Modern diplomatic relations were established after Cyprus gained independence from the United Kingdom in 1960. France has traditionally supported Cyprus's sovereignty and territorial integrity, particularly following the 1974 events on the island. France is one of the countries that supports Cyprus's accession to the European Union.

== Defense and security cooperation ==
The two countries hold close defense cooperation that has helped consolidate their relations, as well as singing several bilateral defense agreements, meant to enhance the military coordination between the two in the Eastern Mediterranean. Both countries hold joint military exercises on a regular basis, as France regards Cyprus as a location in which helps it strengthen its strategic footprint in the region. Cyprus has shown interest in buying French military equipment, thus expanding their defense collaboration.

== Energy cooperation ==
Recent discoveries of hydrocarbon in the Eastern Mediterranean, have increased cooperation between the two countries, as France's multinational energy company TotalEnergies has been licensed to explore and drill in Cyprus's Exclusive Economic Zone (EEZ). France has expressed political support for Cyprus's sovereign rights to exploit natural resources within its EEZ in accordance with international law.

== Economic relations ==
France is an important trade partner for Cyprus within the European Union. Bilateral trade includes pharmaceuticals, machinery, agricultural products, and services. French companies operate in sectors such as energy, infrastructure, and defense in Cyprus, while Cypriot shipping and services firms maintain business links with France.

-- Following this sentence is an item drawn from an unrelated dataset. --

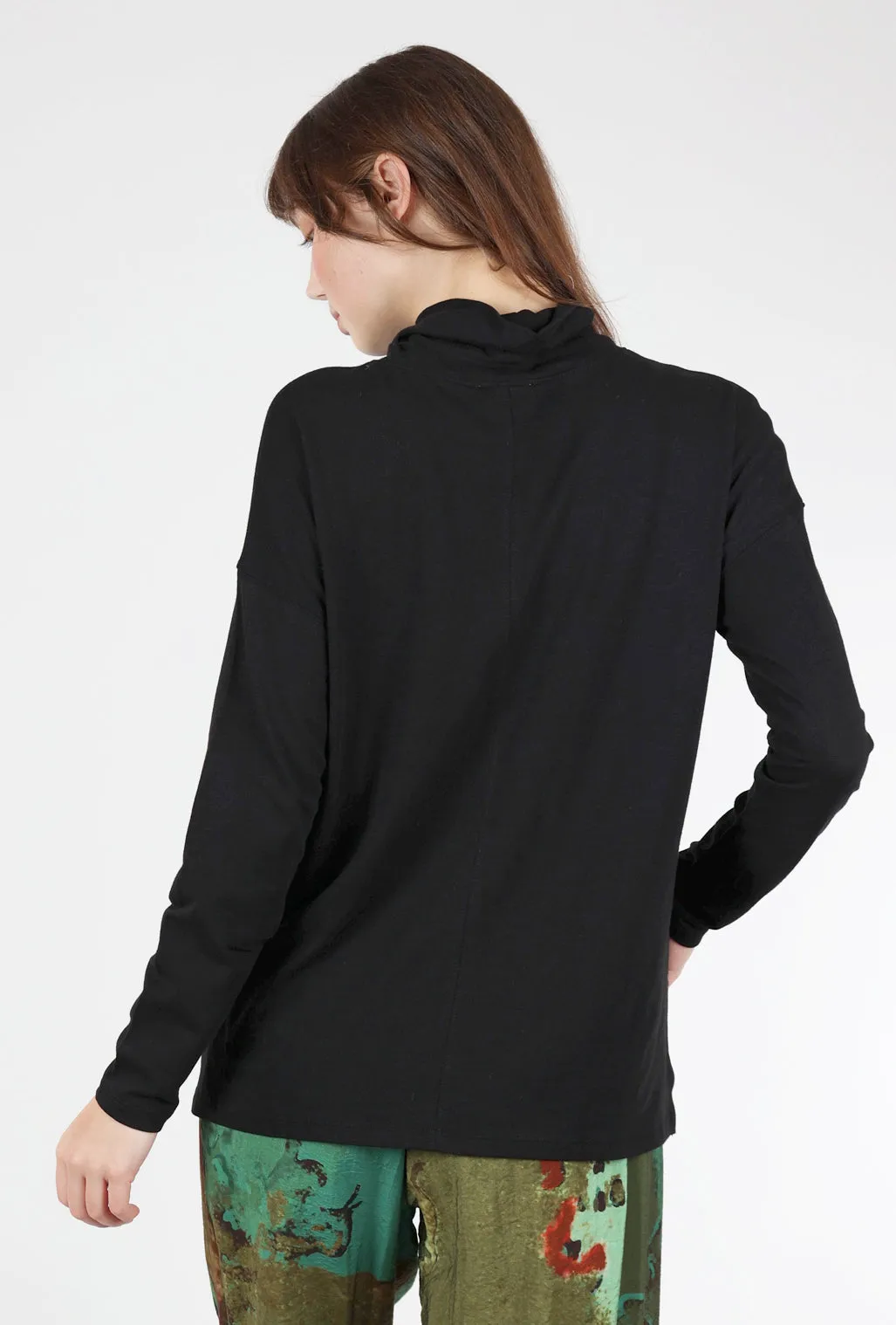 L/S Easy Mock Neck, Black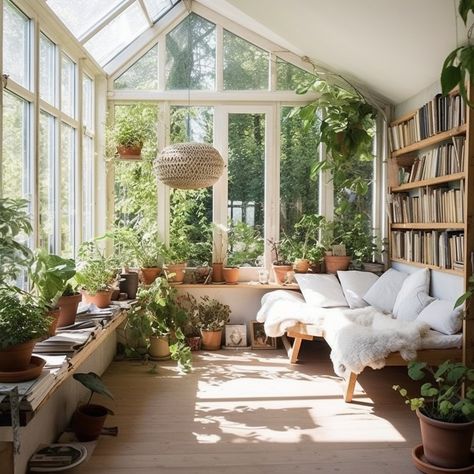 Sunroom Bookshelves, Attached Greenhouse Sunroom, Library Sunroom, Sunroom Library, Sunroom Garden, Sunroom Greenhouse, Country Style Interiors, Sunroom Addition, Three Season Room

== Educational and cultural cooperation ==
The Alliance française of Limassol, in partnership with the Institut français, has for many years been a major player in the promotion of French language and culture in Cyprus. Several schools and universities offer French courses, strengthening the educational ties between the two countries. In an informal setting, French is taught in public structures such as the Public Language Institutes (150 learners in 2020–2021), the Supplementary Education Centers (90); at the Cypriot Academy (90); or in the private sector at the French Institute (400 learners), or in the AF of Limassol and Paphos (111 learners). In addition, the presence of L'école Franco-cypriote, has strengthened relations between Cyprus and the French language. The Franco-Cypriot school also aims to promote French and Cypriot languages and cultures, in a European and international perspective.

== 2026 ==
During the 2026 Iran conflict, drone were sent targeting Cyprus, mainly targeting the RAF Akrotiri. Following this attack France sent anti missile and anti drone systems to Cyprus. On 9 March 2026 President Macron landed for a visit in Cyprus, expressing solidarity after the Iranian attack. He will meet with Cypriot President Nikos Christodoulides and Greek Prime Kyriakos Mitsotakis.